The present study was performed to determine if trans-resveratrol (3,5,4'-trihydroxy-trans-stilbene) modulates the catalytic activity and gene expression of cytochrome P450 1B1 (CYP1B1). In vitro, trans-resveratrol decreased human recombinant CYP1B1-catalyzed 7-ethoxyresorufin O-dealkylation activity, with an IC50 value of 1.4 +/- 0.2 microM (mean +/- SEM). Enzyme kinetic analysis indicated that trans-resveratrol inhibited CYP1B1 enzyme activity by a mixed-type inhibition and the apparent Ki was 0.75 +/- 0.06 microM. To determine if trans-resveratrol modulates constitutive CYP1B1 gene expression, cultured MCF-7 human breast carcinoma cells were treated with trans-resveratrol. As indicated by RT-PCR analysis, treatment of MCF-7 cells with 10 microM trans-resveratrol decreased relative CYP1B1 mRNA levels after 5 h, but not after 1.5 or 3 h, of exposure. trans-Resveratrol treatment at 5, 7.5, 10, or 20 microM for 5 h produced a concentration-dependent decrease in CYP1B1 mRNA levels. The extent of suppression was approximately 50% at 20 microM concentration. The suppressive effect was not a consequence of a toxic response to the compound as assessed by a cell proliferation assay.

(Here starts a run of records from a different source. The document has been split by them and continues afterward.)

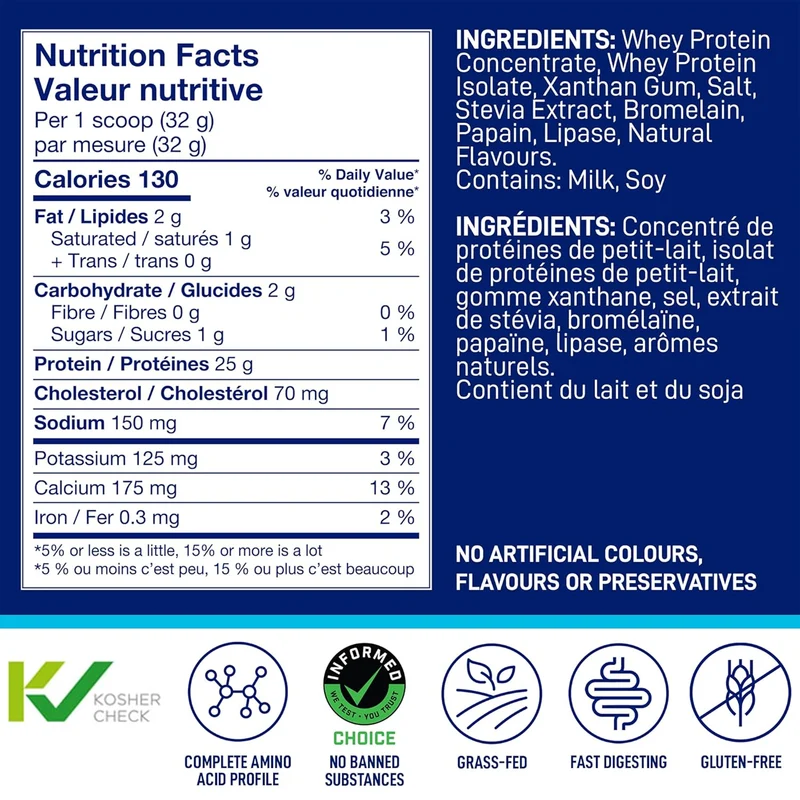 LeanFit - Whey Protein, Vanilla | 832 g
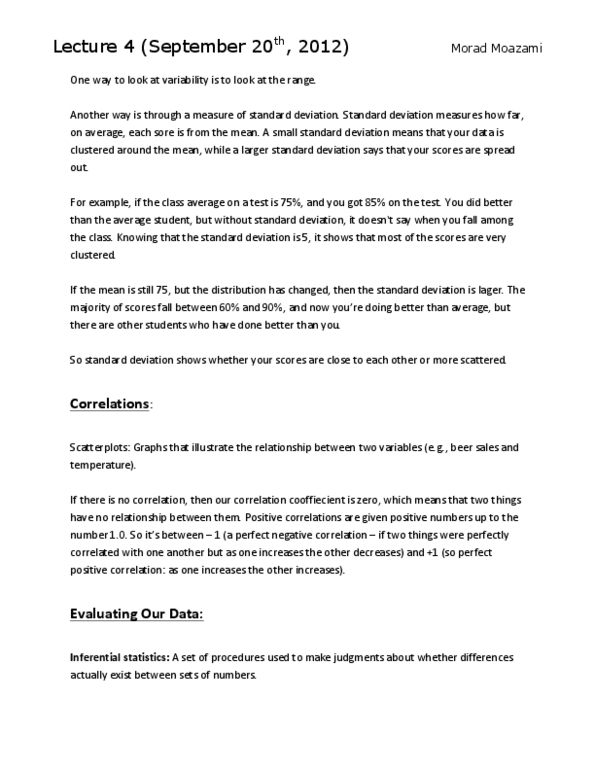 PSY100H1 Lecture Notes - Lecture 4: Statistical Inference, Basal Ganglia, Botulinum Toxin thumbnail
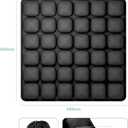 Inflatable 3D Travel Cushion for Airplane, Tailbone Pain Relief Seat Pad with Ergonomic Support, Anti-Slip Bottom, Built-in Pump & Carry Bag for Travel/Office/Car 36 Air Cells, Black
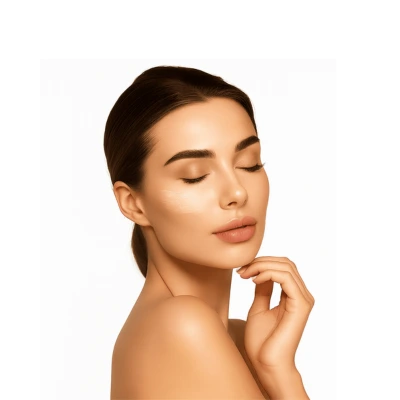 Beautiful woman representing healing and recovery peptide research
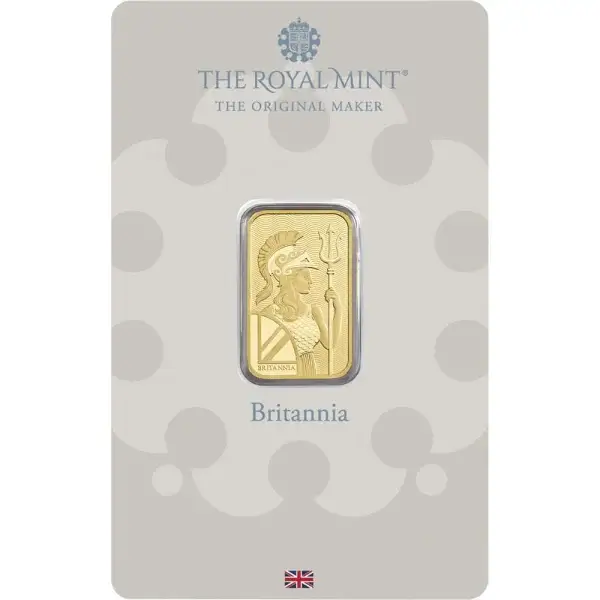 5 gram Gold Bar - Royal Mint Britannia - 999.9 Fine in Assay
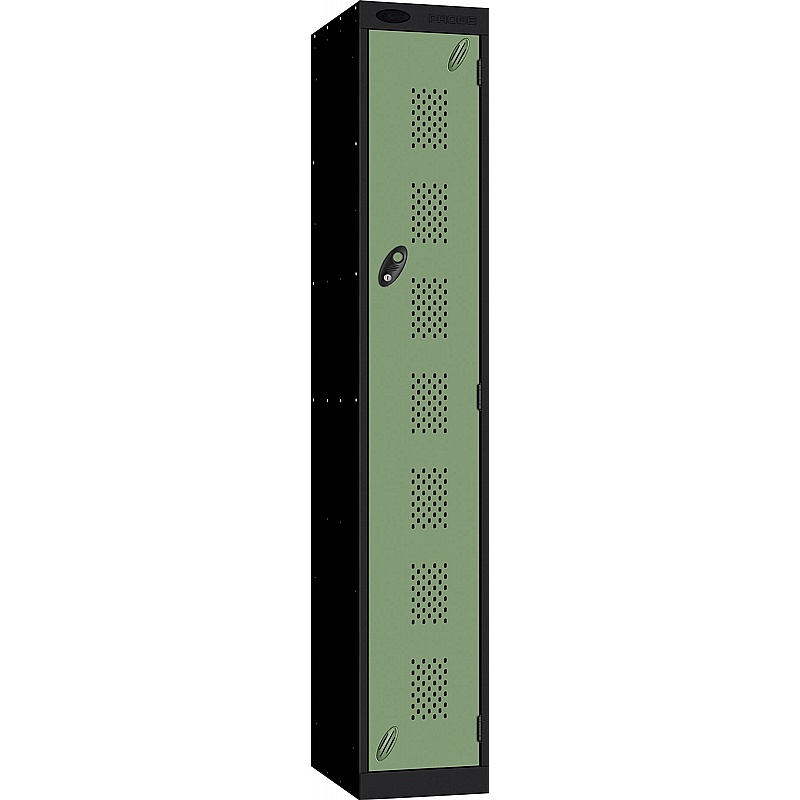 Stellar Probe Equinox Antibacterial Perforated Door Lockers with Cam Lock - Office Storage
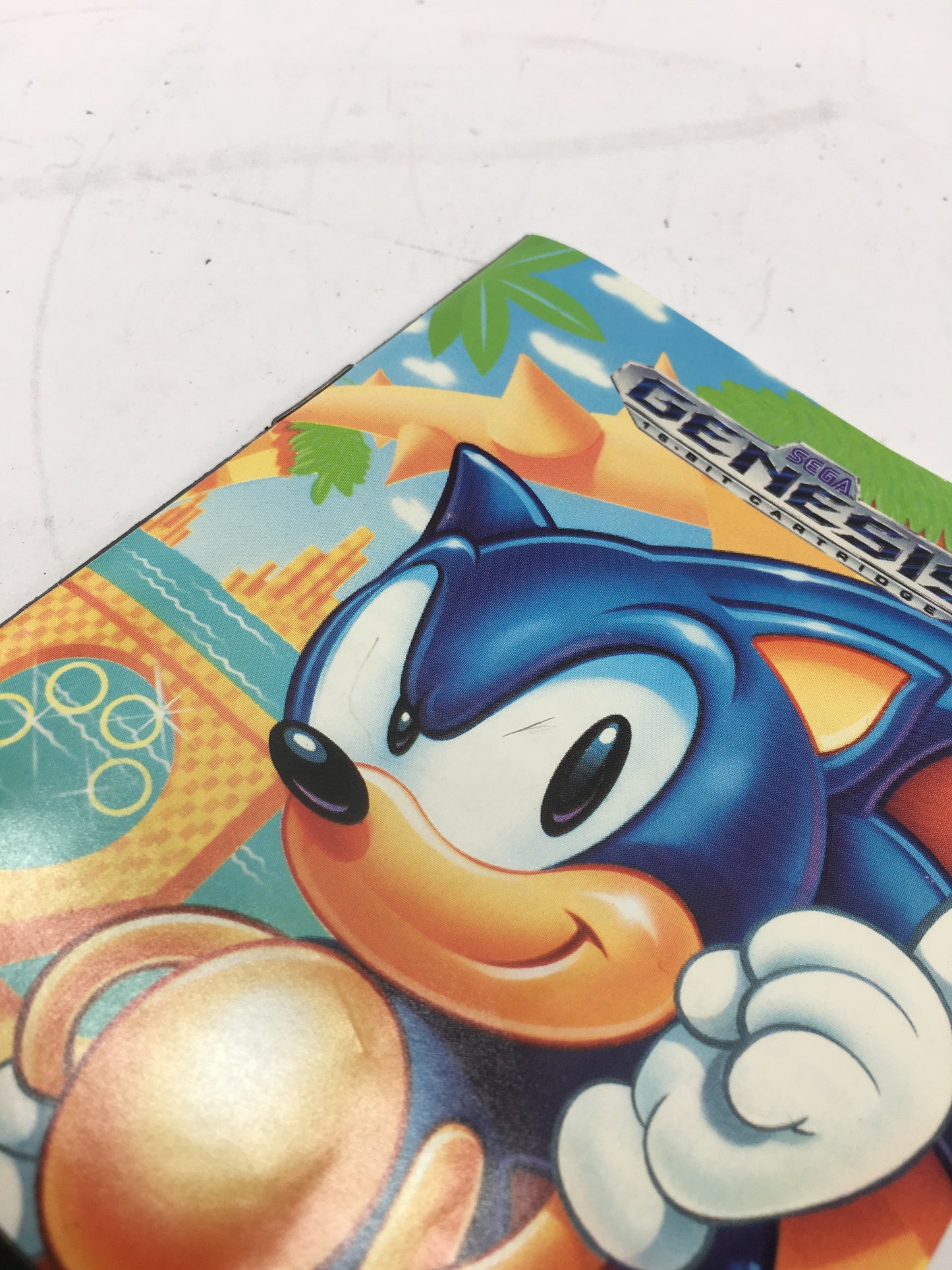 Sonic the Hedgehog (Sega Genesis, 1991) Complete in Box, Tested, Fully Working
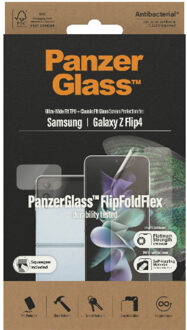 PanzerGlass Anti-Bacterial Case Friendly Screenprotector voor de Samsung Galaxy Z Flip 4 Transparant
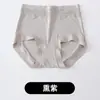 Ropa interior térmica antibacterial de seda y acrílico para mujer, ropa interior calefactora de grafeno de cintura ancha, ropa interior elástica de encaje para mujer de talla grande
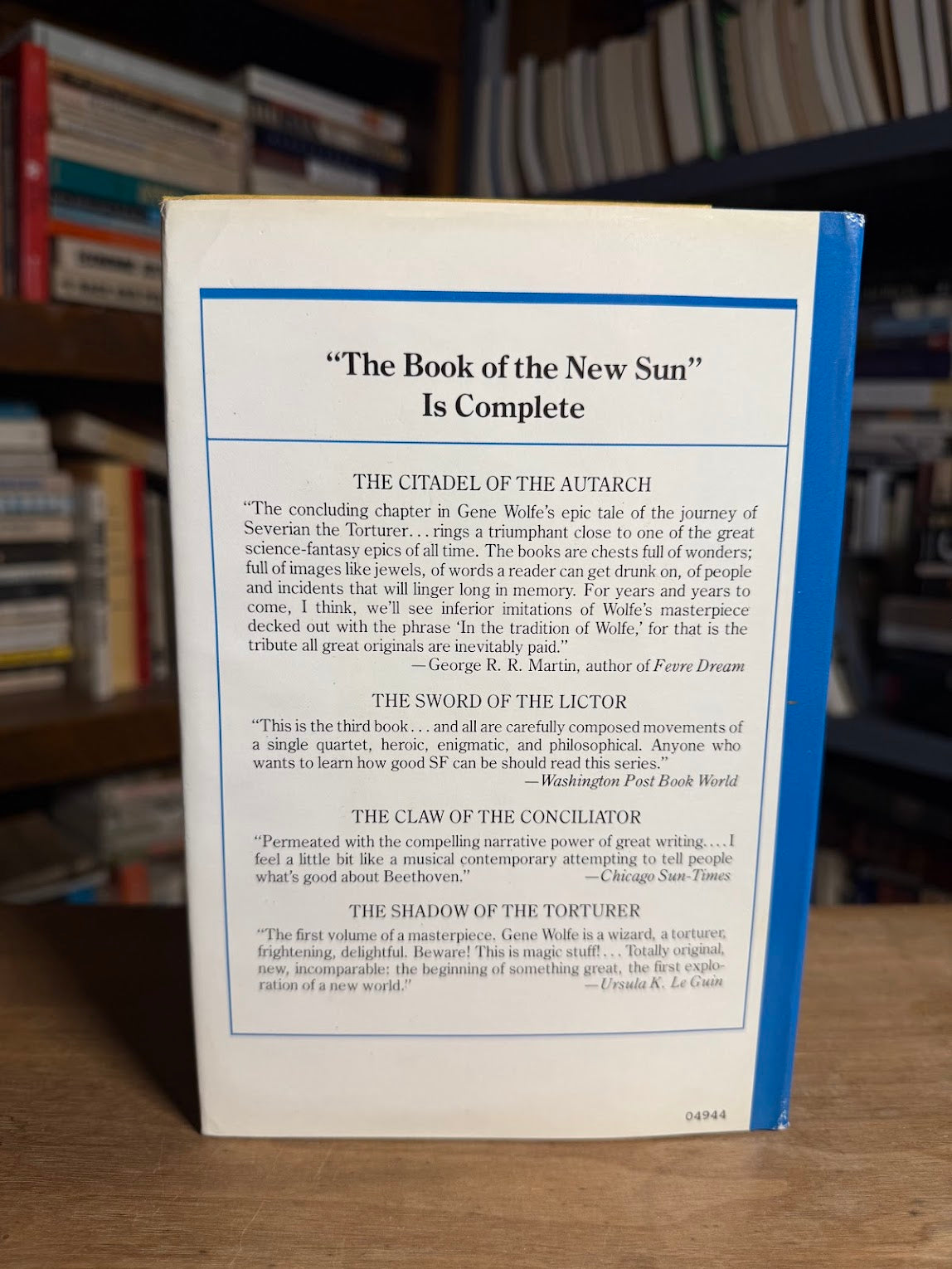 The Claw of the Conciliator and The Citadel of the Autarch by Gene Wolfe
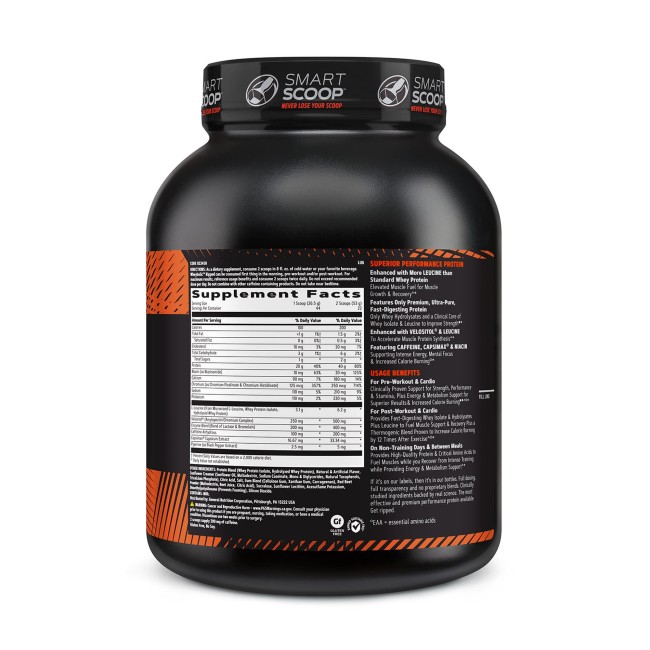 Gnc Amp Wheybolic Ripped, Proteina Din Zer, Cu Aroma De Capsuni, 1166 G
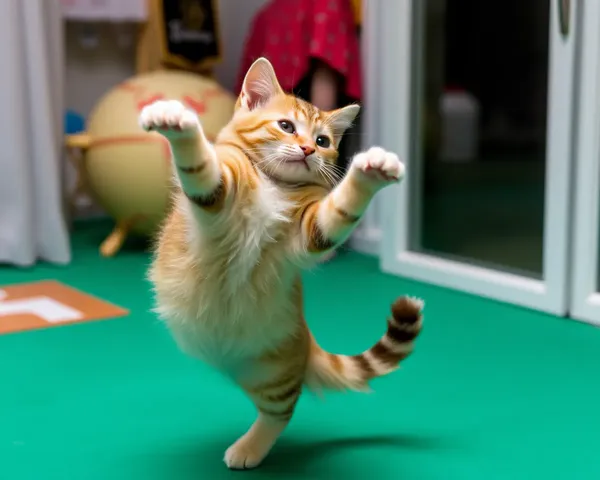 Imágenes de Gatos Bailando Mostrando Agilidad Felina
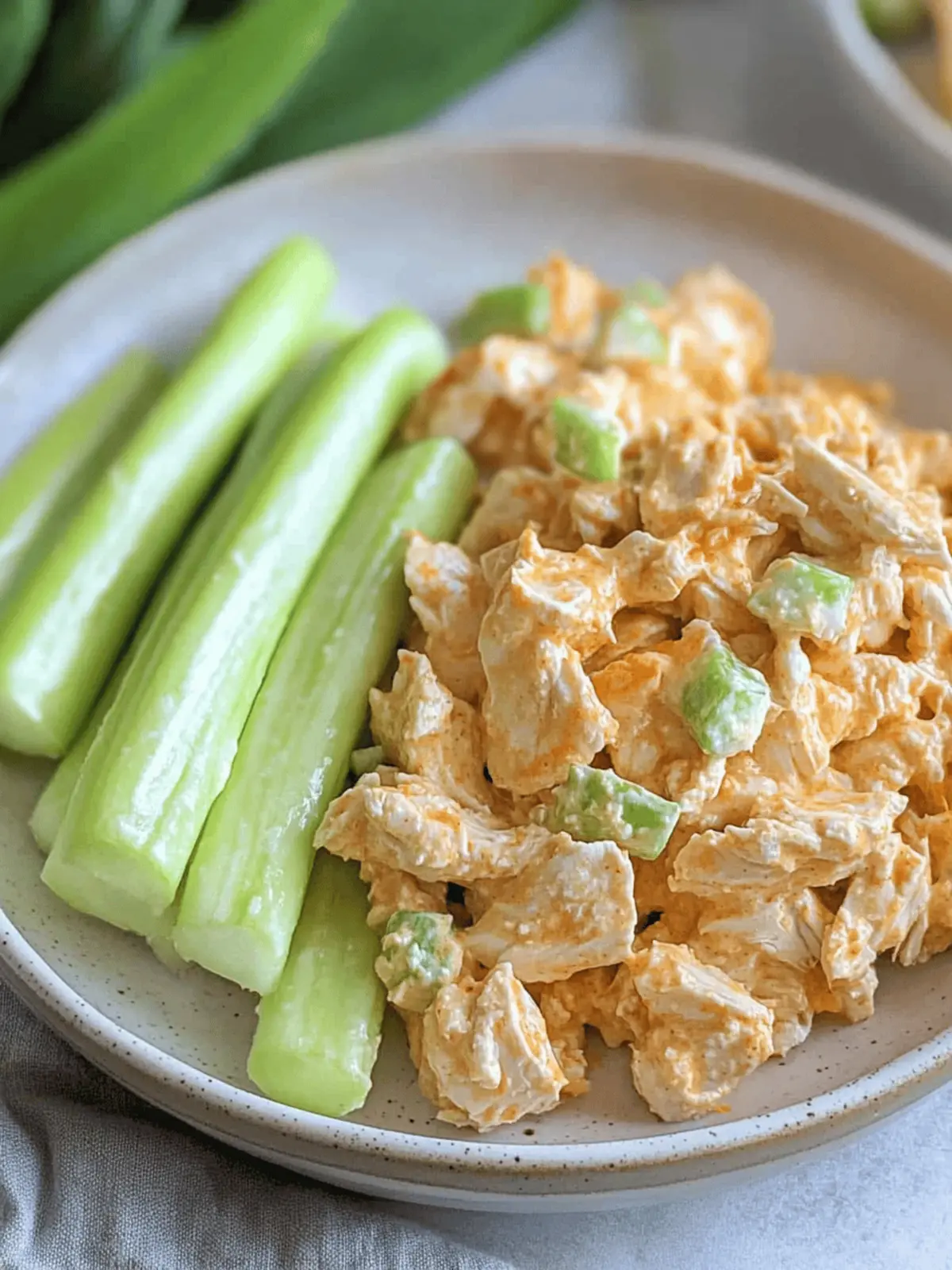 High Protein Buffalo Chicken Salad (Healthy, Easy)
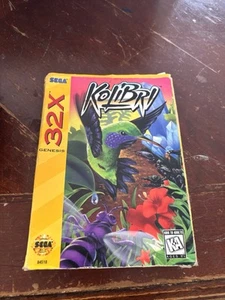 (Rare) Kolibri - Sega Genesis 32x Bit - 1995 (Cartridge + Box) - Picture 1 of 3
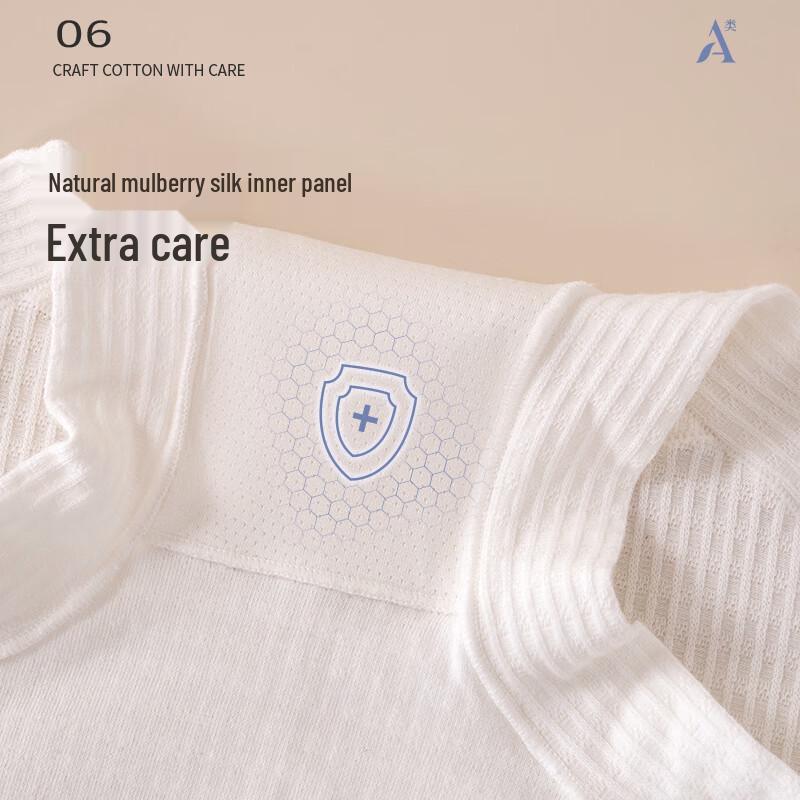 Audifen Women's 7A Antibacterial High-Waist Cotton Boxer Briefs Multi-Pack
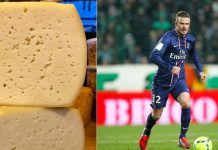 Fabrican queso con bacterias de los pies de David Beckham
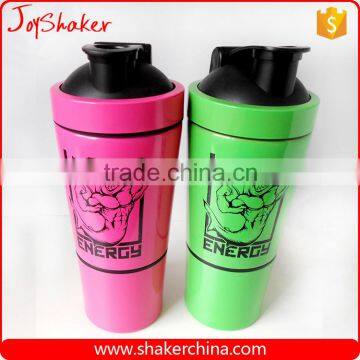 Wholesale 2015 Metal Shaker Protein Bottle BPA Free Quality Choice photo-3
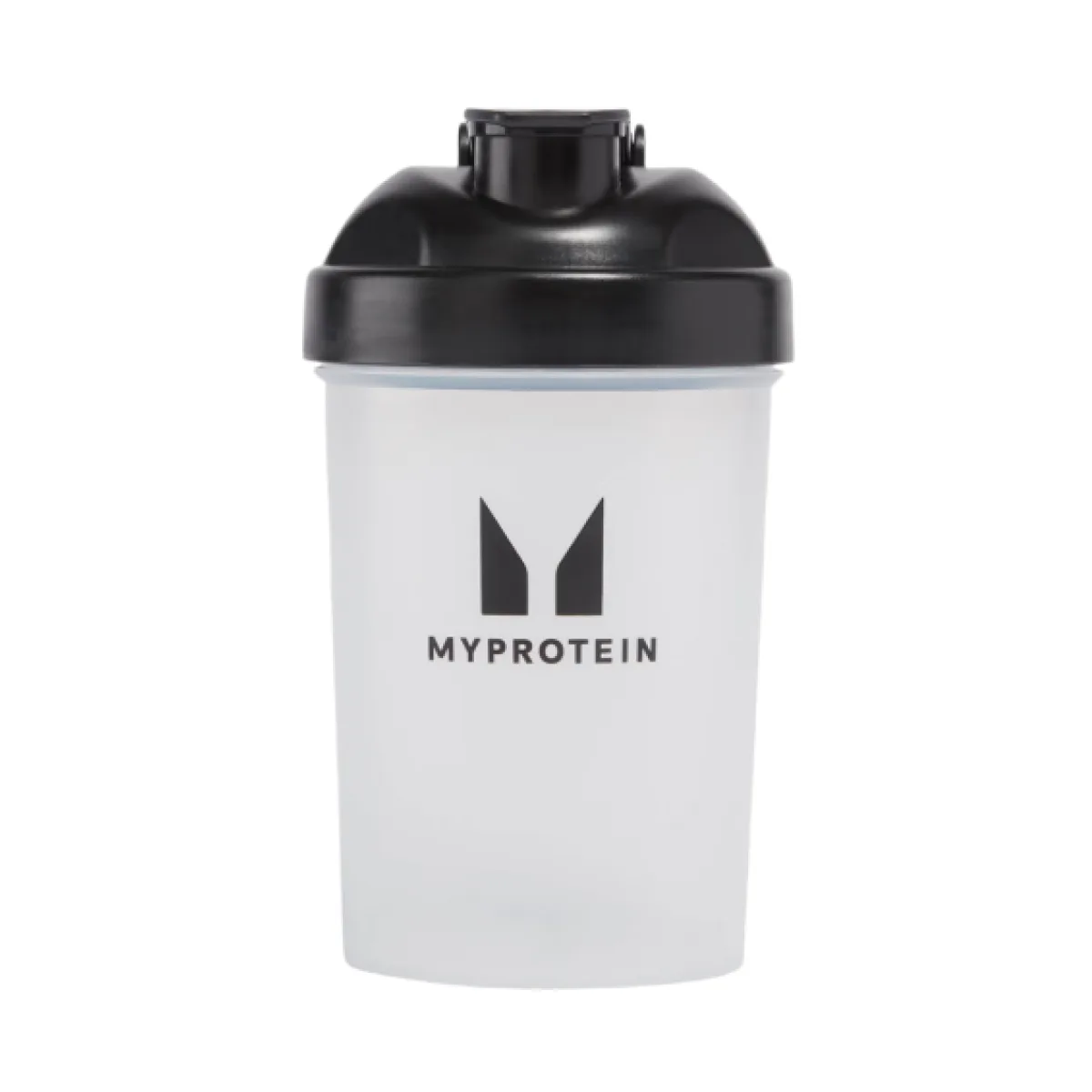Myprotein пластиковий шейкер 600 мл прозорий чорний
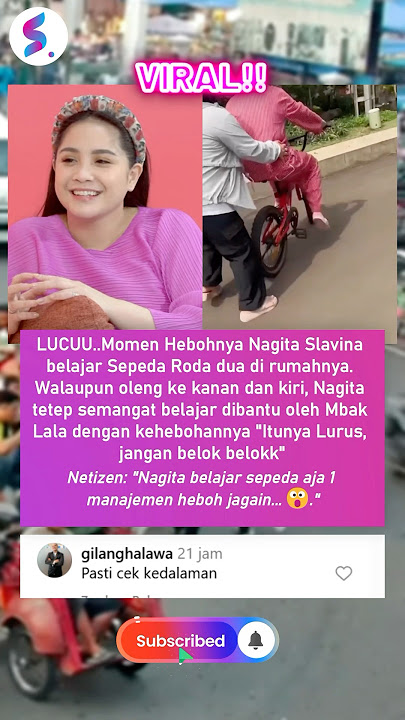 Mama Gigi Lagi Belajar Sepedah #trending #nagita #ransentertainment #shortsviral #fyp #artis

Overall, our novel finding that trans-resveratrol inhibits the catalytic activity and suppresses the constitutive gene expression of CYP1B1 leads to the possibility that this nutraceutical confers protection against toxicity and carcinogenicity induced by compounds that undergo CYP1B1-catalyzed bioactivation.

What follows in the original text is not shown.